- Cover art for the re-recorded duet version

Single by Sam Fender and Olivia Dean

from the album People Watching (Deluxe)
- Released: 20 June 2025
- Genre: Heartland rock
- Length: 5:37
- Label: Polydor
- Songwriters: Sam Fender; Olivia Dean; Max Wolfgang;
- Producers: Sam Fender; Adam Granduciel; Markus Dravs; Joe Atkinson; Dean Thompson;

Sam Fender singles chronology
| "Tyrants" (2025) | "Rein Me In" (2025) | "Talk to You" (2025) |

Olivia Dean singles chronology
| "Nice to Each Other" (2025) | "Rein Me In" (2025) | "Lady Lady" (2025) |

Music video
- "Rein Me In" on YouTube

= Rein Me In =

2025 single by Sam Fender

"Rein Me In" is a song by British singer-songwriters Sam Fender and Olivia Dean. It is a re-recorded duet version of a song from Fender's third studio album People Watching (2025), as the original features only Fender. It was released on 20 June 2025 as the sixth single from the album.

"Rein Me In" became Fender's first song to reach number-one on the UK Singles Chart in February 2026; it subsequently spent 23 non-consecutive weeks at number one, becoming the longest-running number-one single in UK music history.
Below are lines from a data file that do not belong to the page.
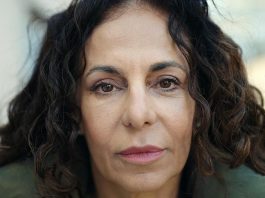 “Žene preko 50 godina ne prihvataju starenje i prave kardinalnu grešku”: Ginekolog ih preklinje da usvoje jednu naviku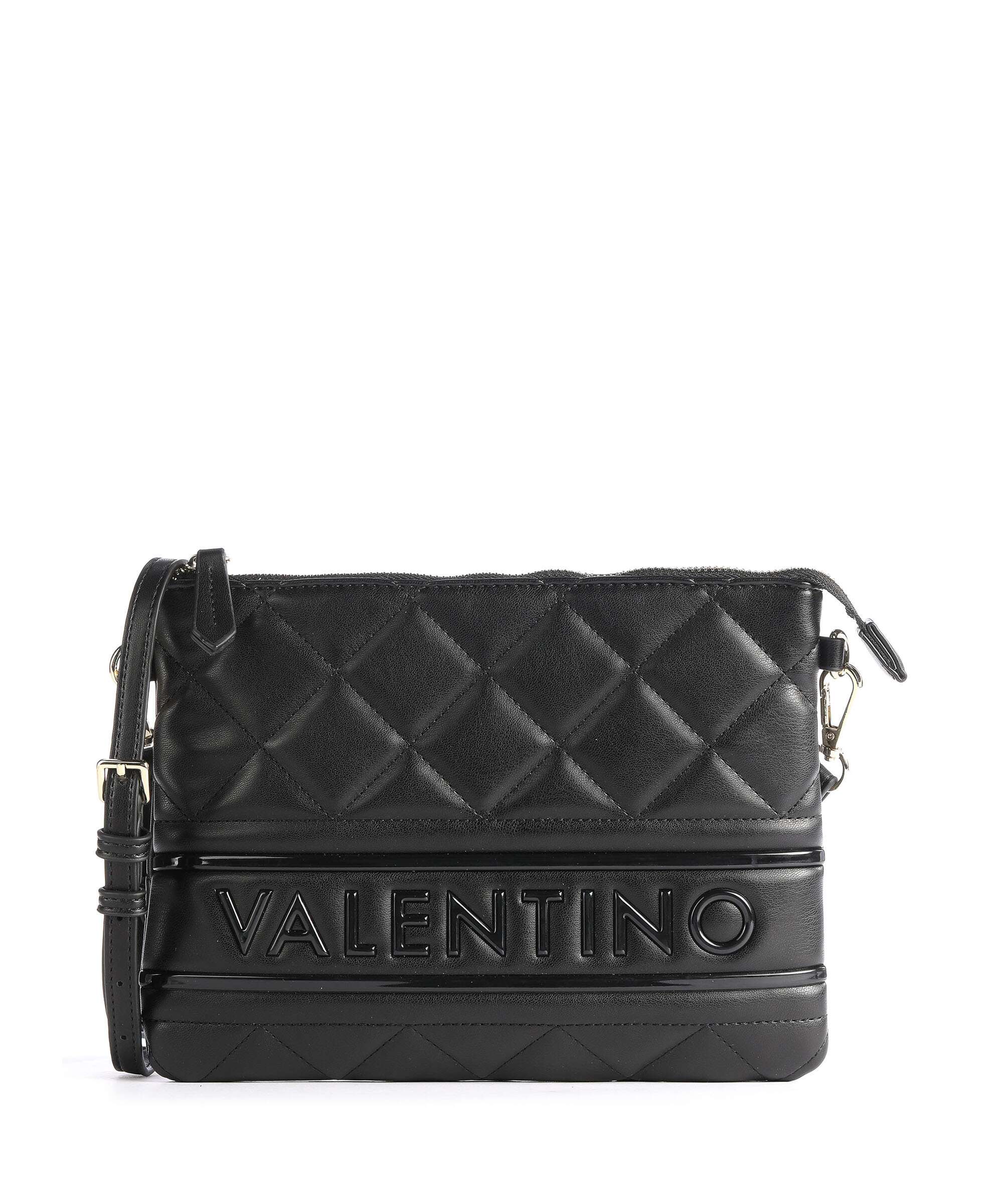 Valentino Bags Ada Crossbody bag nero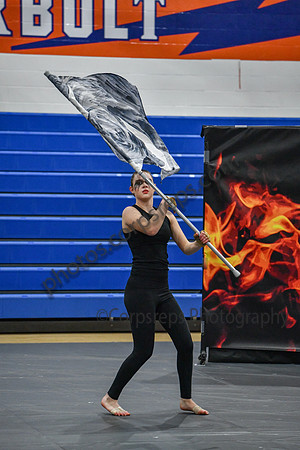 Eastern Regional Guard_250222_Millville-DJK01664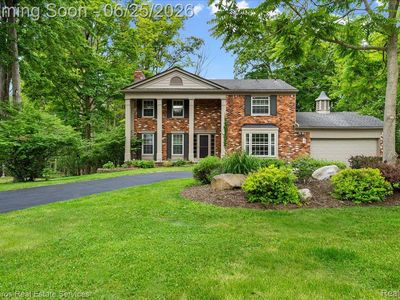 32807 Red Oaks Trl
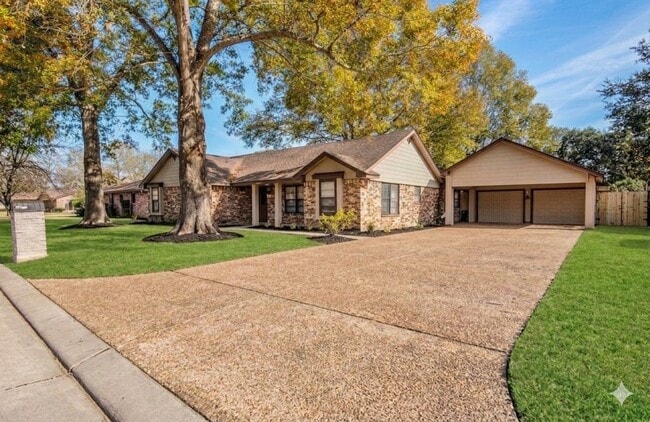 Photo - 12510 Old River Dr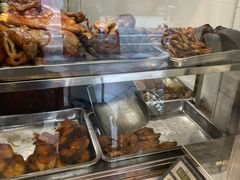 太爷鸡翅-周生记太爷鸡(文明路店)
It also won the Brit Award for Song of the Year. Outside the United Kingdom, "Rein Me In" also topped the charts in Australia and Ireland and reached number two in New Zealand. It became Fender's first entry on the Billboard Hot 100, peaking at number 45.

== Background and release ==
"Rein Me In" was originally included as the eighth track of Fender's third studio album, People Watching. The song was written by Fender himself and produced with Adam Granduciel, Markus Dravs, Joe Atkinson and Dean Thompson. "Rein Me In" is about self-sabotage in romantic relationships. In the song, Fender "is too afraid to be 'reined in' by love and instead rejects anyone who gets too close". The lyrics are set over a jazzy instrumental that includes piano and saxophone.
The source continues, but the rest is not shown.